Experimental phantom measurements

Our study was divided into three main analyses. For each analysis, a different setup was employed.

EARL accreditation measurements with NEMA-phantom

EARL accreditation is a protocol developed by the EANM in order to ensure comparable scanner performances across multiple sites. Once the PET system is accredited, the most commonly used SUV parameters (first-order statistics) could be compared, combined, and exchanged. The accreditation protocol involves imaging of the National Electrical Manufacturers Association (NEMA) NU 2-2012 Image Quality Phantom (NEMA-Phantom). In multicenter trials involving PET/CT imaging, this accreditation is usually considered as a prerequisite. In our study, we proposed an extended analysis in order to additionally ensure the comparability of more complex radiomic features, i.e., not only the first-order statistics but also second- or higher-order statistics (texture features).

In this section, we focused on the impact of different systems and different voxel sizes on radiomic feature variability. On each PET image, 10 spheres (5.7–8.4 cc) were manually segmented within the background of NEMA-Phantom, and the 6 fillable spheres (0.5–25 cc) were segmented by a 40% threshold (Fig. 1).
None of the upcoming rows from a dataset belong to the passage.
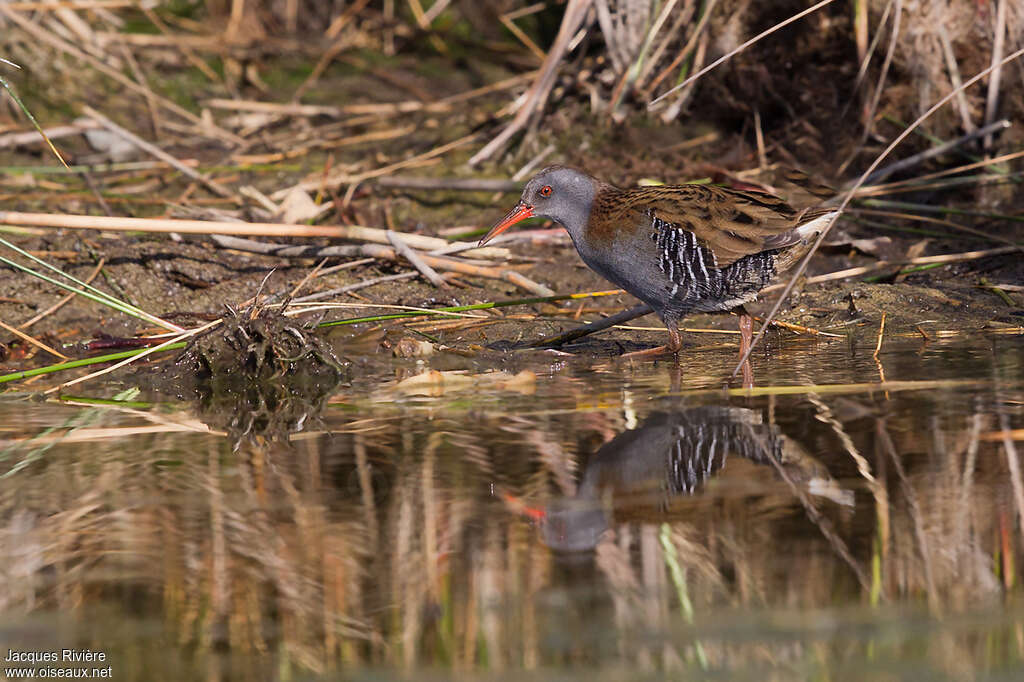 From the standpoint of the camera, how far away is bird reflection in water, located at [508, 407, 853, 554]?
2586 millimetres

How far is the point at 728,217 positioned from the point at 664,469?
1768mm

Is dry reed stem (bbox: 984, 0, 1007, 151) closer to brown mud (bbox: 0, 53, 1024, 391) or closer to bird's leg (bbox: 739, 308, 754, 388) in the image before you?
brown mud (bbox: 0, 53, 1024, 391)

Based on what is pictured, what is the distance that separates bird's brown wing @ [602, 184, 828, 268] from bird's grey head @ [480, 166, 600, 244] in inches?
12.2

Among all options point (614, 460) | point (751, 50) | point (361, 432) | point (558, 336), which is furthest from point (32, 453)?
point (751, 50)

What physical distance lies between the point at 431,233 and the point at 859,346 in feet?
7.77

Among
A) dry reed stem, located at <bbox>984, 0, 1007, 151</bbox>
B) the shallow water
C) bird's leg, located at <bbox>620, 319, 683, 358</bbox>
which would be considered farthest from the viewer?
dry reed stem, located at <bbox>984, 0, 1007, 151</bbox>

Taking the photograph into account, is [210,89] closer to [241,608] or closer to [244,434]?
[244,434]

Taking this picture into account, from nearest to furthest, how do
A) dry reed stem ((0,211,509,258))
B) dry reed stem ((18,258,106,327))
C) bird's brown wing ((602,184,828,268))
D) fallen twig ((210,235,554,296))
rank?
1. bird's brown wing ((602,184,828,268))
2. dry reed stem ((0,211,509,258))
3. dry reed stem ((18,258,106,327))
4. fallen twig ((210,235,554,296))

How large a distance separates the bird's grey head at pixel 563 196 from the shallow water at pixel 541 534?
1.22 meters

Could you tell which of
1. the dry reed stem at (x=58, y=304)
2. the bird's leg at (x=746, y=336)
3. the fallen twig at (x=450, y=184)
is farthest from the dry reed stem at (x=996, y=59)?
the dry reed stem at (x=58, y=304)

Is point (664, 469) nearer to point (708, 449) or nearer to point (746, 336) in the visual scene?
point (708, 449)

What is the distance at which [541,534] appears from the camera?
251 cm

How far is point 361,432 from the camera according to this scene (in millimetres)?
3473

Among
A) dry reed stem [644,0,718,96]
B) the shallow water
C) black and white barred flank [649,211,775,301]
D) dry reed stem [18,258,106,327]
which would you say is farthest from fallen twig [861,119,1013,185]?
dry reed stem [18,258,106,327] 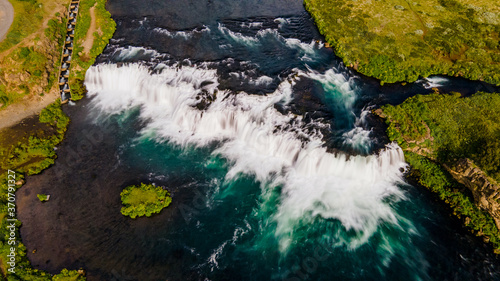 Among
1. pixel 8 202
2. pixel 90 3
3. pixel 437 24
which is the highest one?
pixel 90 3

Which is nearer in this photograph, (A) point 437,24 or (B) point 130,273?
(B) point 130,273

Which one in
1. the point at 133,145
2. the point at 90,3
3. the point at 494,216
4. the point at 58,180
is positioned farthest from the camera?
the point at 90,3

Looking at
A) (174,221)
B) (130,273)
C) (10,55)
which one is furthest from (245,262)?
(10,55)

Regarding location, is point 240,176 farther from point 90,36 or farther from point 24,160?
point 90,36

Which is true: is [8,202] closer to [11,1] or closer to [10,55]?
[10,55]

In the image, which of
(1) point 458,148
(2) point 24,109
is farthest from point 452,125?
(2) point 24,109

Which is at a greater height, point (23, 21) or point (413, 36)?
point (23, 21) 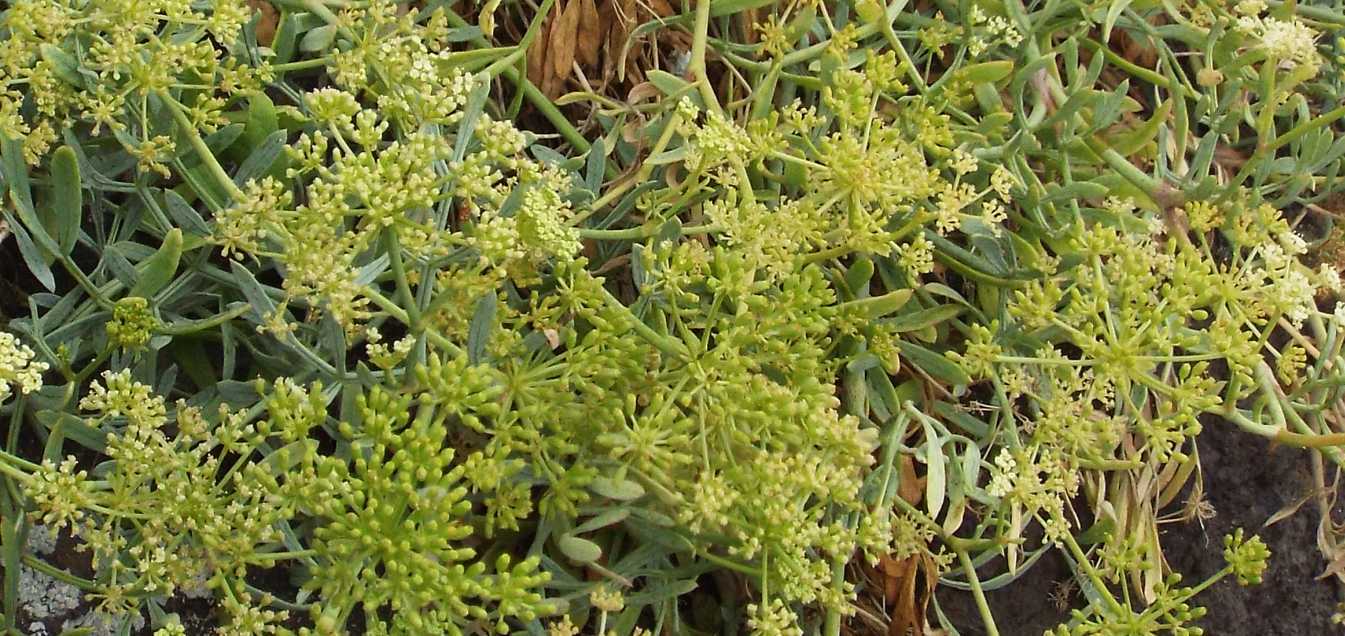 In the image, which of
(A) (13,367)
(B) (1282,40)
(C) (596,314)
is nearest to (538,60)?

First, the two analog, TF64 and BB, and one digital, V, PET/CT systems were compared. Then, the same reconstruction protocol with different voxel size, 2 × 2 × 2 mm3 against 4 × 4 × 4mm3, was compared for the BB.

Fig. 1

Setup employed for the identification of radiomic features robust to system and reconstruction protocol. PET images derived from the EARL accreditation measurements of NEMA-Phantom


TomoTherapy Cheese-Phantom (Gammex RMI, Middleton, WI, USA), or equivalent phantoms from other commercial companies, are phantoms for the calibration of CT scanners available at most of the radiotherapy departments. Concretely, the Cheese-Phantom (CP) consists of an 18-cm-thick solid water cylinder with a diameter of 30 cm. The cylinder presents 20 holes with 28 mm of diameter, in which inserts representing the range of densities observed in the clinical environment (tissue inserts) could be placed (Table 1). In our study, for the evaluation of the impact of CT artifacts, three different materials (aluminum, titanium, and steel) were considered. For the simulation of the PET lesions, 6 fillable inserts were developed with a transparent material of density 1.2 g/cm3: 3 large tubes (TL) and 3 small tubes (TS) with volumes 33 and 11 ml, respectively. Metallic, fillable, and tissue inserts were placed in Cheese-Phantom following two configurations: head and neck and prostate carcinoma (Fig. 2). The 6 homemade inserts were filled with gallium-68 for the PC configuration and with fluorine-18 fluorodeoxyglucose (18F-FDG) for the head and neck configuration. The choice for the activity concentrations, volumes, and location of the fillable inserts was based on a previous quantification study of 21 prostate and 16 head and neck PET lesions. In this section, the PET/CT system employed for the 10-min scans was BB, and the segmentation of the 6 fillable spheres on PET images was performed with the 40% algorithm.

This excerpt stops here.